Why It’s Easier To Retain Current Customers Than Acquire New Ones
In marketing, the focus is more or less always on acquiring new customers. It’s by far the most appealing and seductive route to higher sales or profits. But unless your company is just starting out, your current customers may actually contain more untapped potential than theoretical new ones. It is far easier, for various reasons, to squeeze more value out of customers you already have than it is to go out and find more.
Here’s why:
Acquisition Costs
As you likely know, acquiring a customer for the first time is rarely cheap. Whether you use search engine marketing, cold calls or direct mail, there is a “toll” which must be paid to bring new prospects into your sales funnel. Chances are, if you track each marketing campaign and know your numbers, you have the cost of new customer acquisition down to an exact science.
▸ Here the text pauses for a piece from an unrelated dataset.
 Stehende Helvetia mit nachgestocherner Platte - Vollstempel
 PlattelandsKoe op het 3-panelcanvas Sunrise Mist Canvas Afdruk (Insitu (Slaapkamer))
Being able to systematically generate new business on demand is a tremendous skill, and certainly nothing to make light of. However, it’s much cheaper selling over and over to customers you already sold to once than persuading brand new people to buy for the first time.
Pre-Existing Loyalty
(Nanagyei)
Another reason it’s easier to retain existing customers is that they are already loyal to your company. Having bought from you at least one time before, they are already in agreement with your company’s unique selling proposition (USP), organizational philosophy and “niche” in the marketplace. That doesn’t mean existing customers don’t need to be reminded of all of these things. They do – because everyone eventually forgets. But it does mean (usually) that you don’t need to convince them from square one to make a second or third purchase.
Think about your favorite take-out restaurant in town. It helps to be “nudged” by getting fliers in the mail or seeing TV commercials for their food, but the reason you buy over and over again is because you did before and know that they’re good. The same principle applies, roughly, to your existing customers.
Referrals
Nurturing your existing customers is also the surest way to increase word-of-mouth referrals. Think about it: tips from friends or relatives on where to buy something are always more convincing and believable than advertising. The company has a vested interest. “Of course they’re going to say their own stuff is good,” your prospects say to themselves. Word-of-mouth referrals, on the other hand, are seen as innocent and objective – because the person referring you has no selfish motives.
That’s why serving your existing customers needs to be a high priority. In his article Getting & Keeping Customers, Perry Marshall writes that companies with poor customer service “only know how to replace angry customers with ignorant ones.” This, he continues, is “very dumb, and very expensive.” Keep your current customers happy and you will get new ones.
Back-End Sales & Lifetime Value
Savvy business owners know that the real money lies not in the first sale, but in progressive up-sells, cross-sells (products sold to already existing customers), and back-end offers (products sold to past customers by contacting them directly) to the same customers. The total revenue generated from a single customer is known as the lifetime value of that customer. As a Harvard Business School webpage explains:
“Customer lifetime value (CLTV) is a formula that helps a marketing manager arrive at the dollar value associated with the long-term relationship with any given customer, revealing just how much a customer relationship is worth over a period of time.”
The same webpage offers a handy calculator that any business owner can use to determine the CLTV of a customer. The idea behind up-selling is to always have higher-priced products to sell to existing customers so that their CLTV is pushed higher and higher.
Market Value Of Your Business
It’s been said that the most valuable asset a company possesses is not its buildings, employees or intellectual property, but its customer list. And it’s certainly a defensible position to take. A truly savvy entrepreneur, stripped of his or her entire infrastructure, could conceivably rebuild from scratch with only a list of proven buyers.
Interestingly, potential acquirers will also assess your company’s market value by taking your customer list into account. Should you ever choose to sell your business, it will help immensely if you can point to a well-maintained customer list and express exactly how much your existing customers are worth in dollars.